The company’s interest coverage ratio was 4.7 times with an average long-term debt maturity of five years.

Loh notes that there is potential for a higher dividend payout.

During the 1HFY2024 results, Centurion declared a dividend of 1.5 cents, implying a 26% dividend payout based on an earnings per share (EPS) of 5.77 cents from its core business operations.

Loh maintains a current forecast dividend of 3 cents for the full year, but he believes that there is a high likelihood of an upside to 3.5 cents given the better-than-expected earnings, implying a 2024 yield of 3.6% based on the closing share price on Nov 26.

Loh upgrades his 2024 to 2026 EPS by 2% - 11% to account for slightly higher rental reversions as well as volume growth in PBSA for Australia.

Loh’s new target price is based on a P/E multiple of 8.7 times, up from 7 times before. The new P/E multiple is “undemanding”, given Centurion’s earnings growth over the next two years, he says.

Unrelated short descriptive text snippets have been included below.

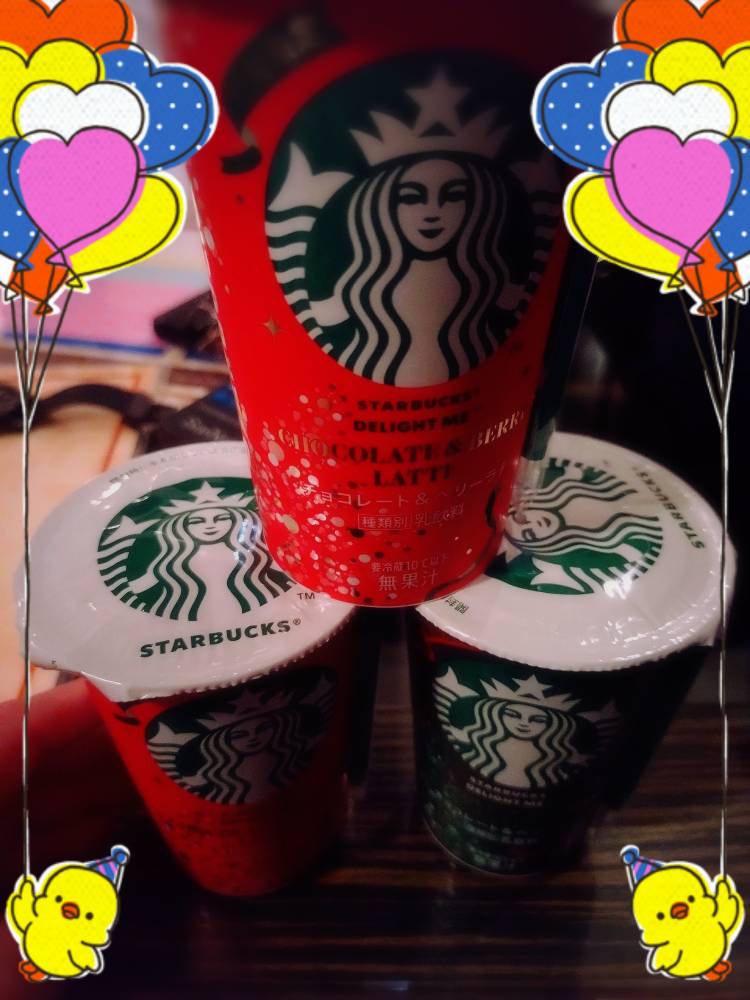 あられ1397(˶ᐢᴗᐢ˶)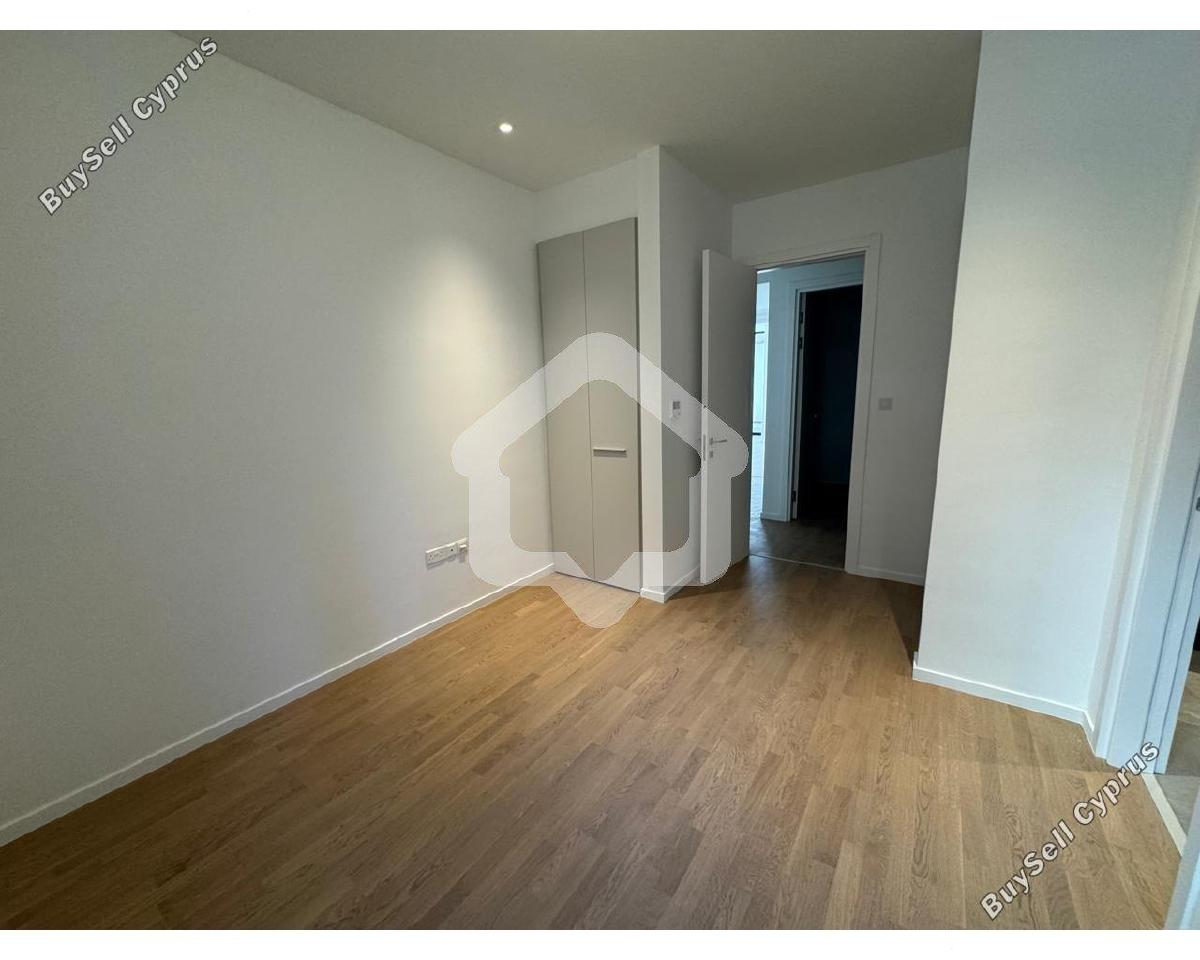 4 bedroom apartment for rent kaimakli nicosia 8429014 image 15709629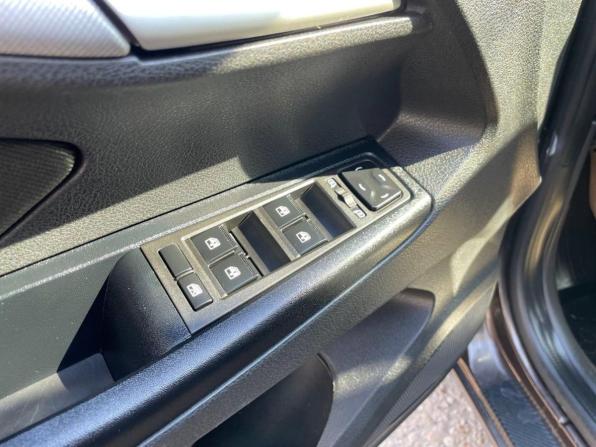 Lada (ВАЗ) Vesta I с пробегом 2019 года, цена 1 101 000 рублей, 57150 км, универсал, Автокод Объявления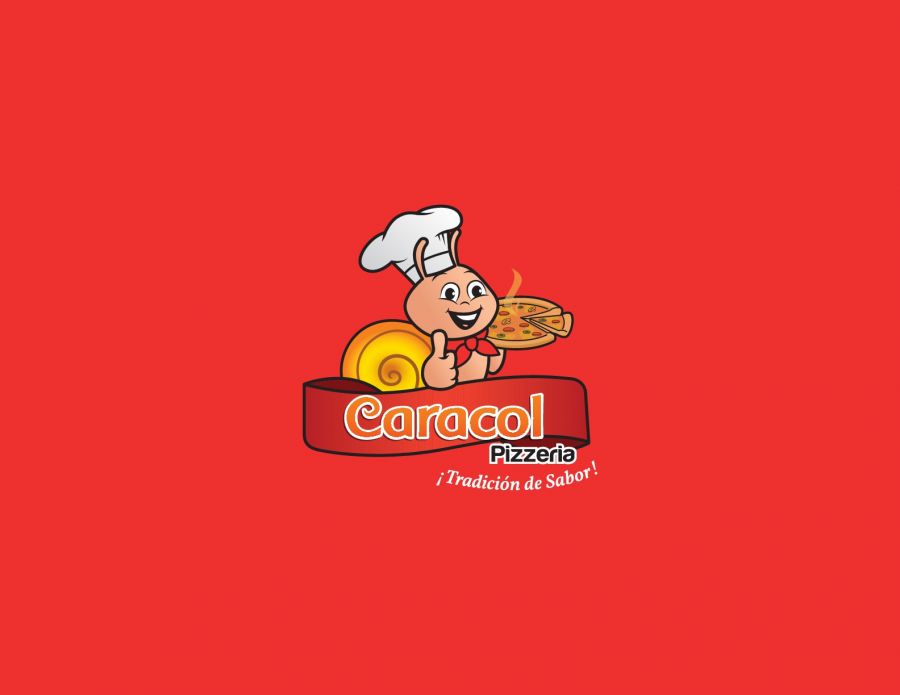 Caracol Cañaveral - Caracol Pizzería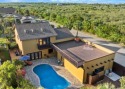  Ad# 6353417 golf course property for sale on GolfHomes.com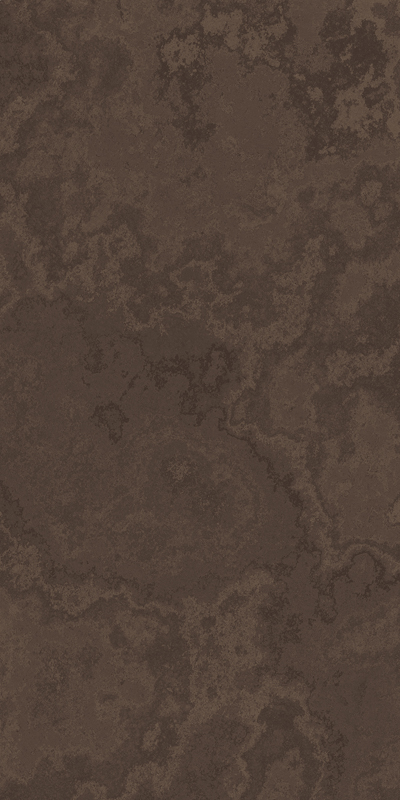 Купить Colortile Ethnic Rich Chocolate 60x120 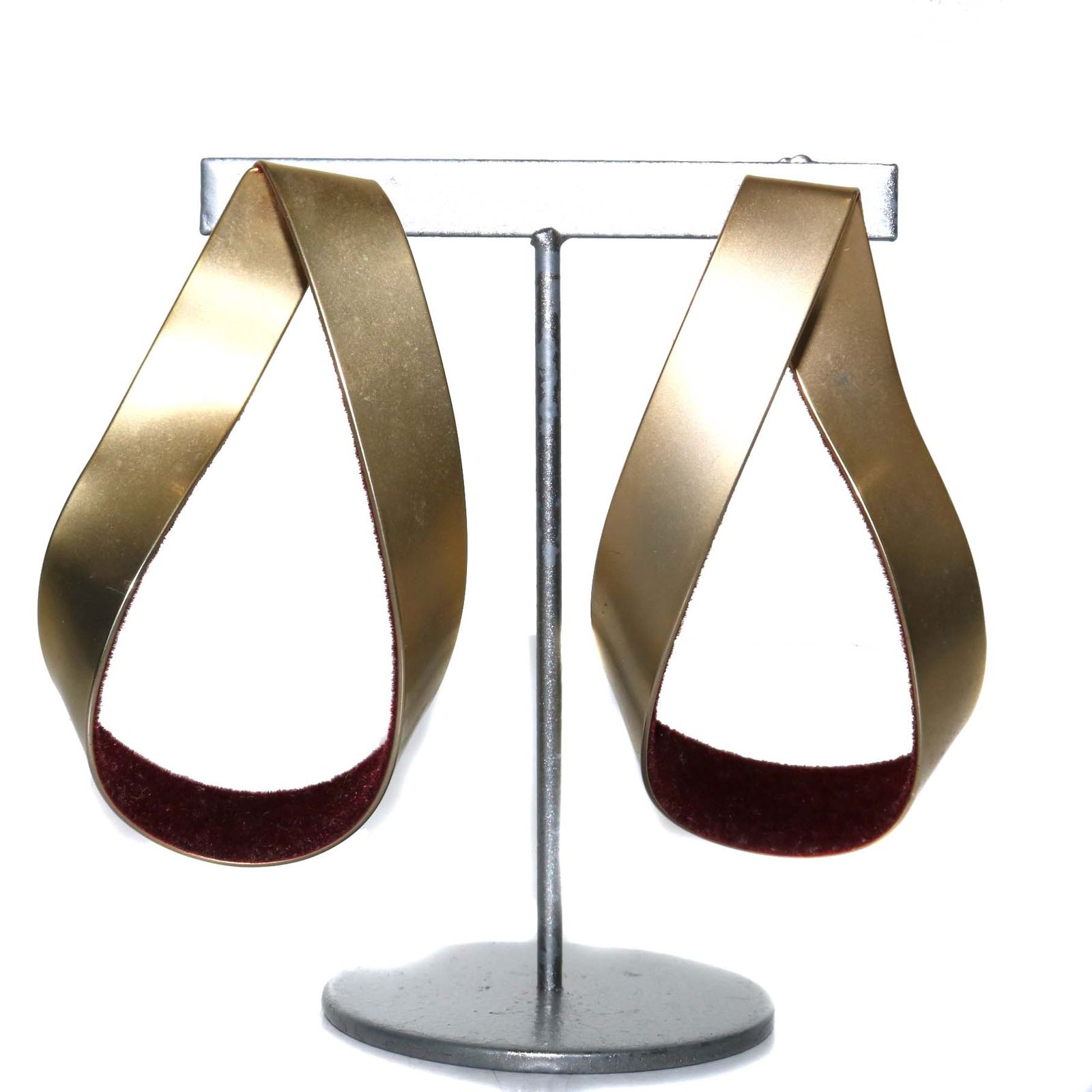 常田大希 トイリング クラウン レッド POINTLESS JOURNEY POINTLESS JOURNEY TOY RING 常田大希 レッド Amazon.co.jp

“We believe that the company’s current metrics are inexpensive, trading at FY2025 P/E of 8.1 times and 0.8 times P/B,” he adds. “Year to date, Centurion’s 135% share price increase easily outperformed the STI’s total return, and we expect continued outperformance in the next 12 months.”

As at 3.14pm, shares in Centurion are trading 1.5 cents higher or 1.58% up at 96.5 cents.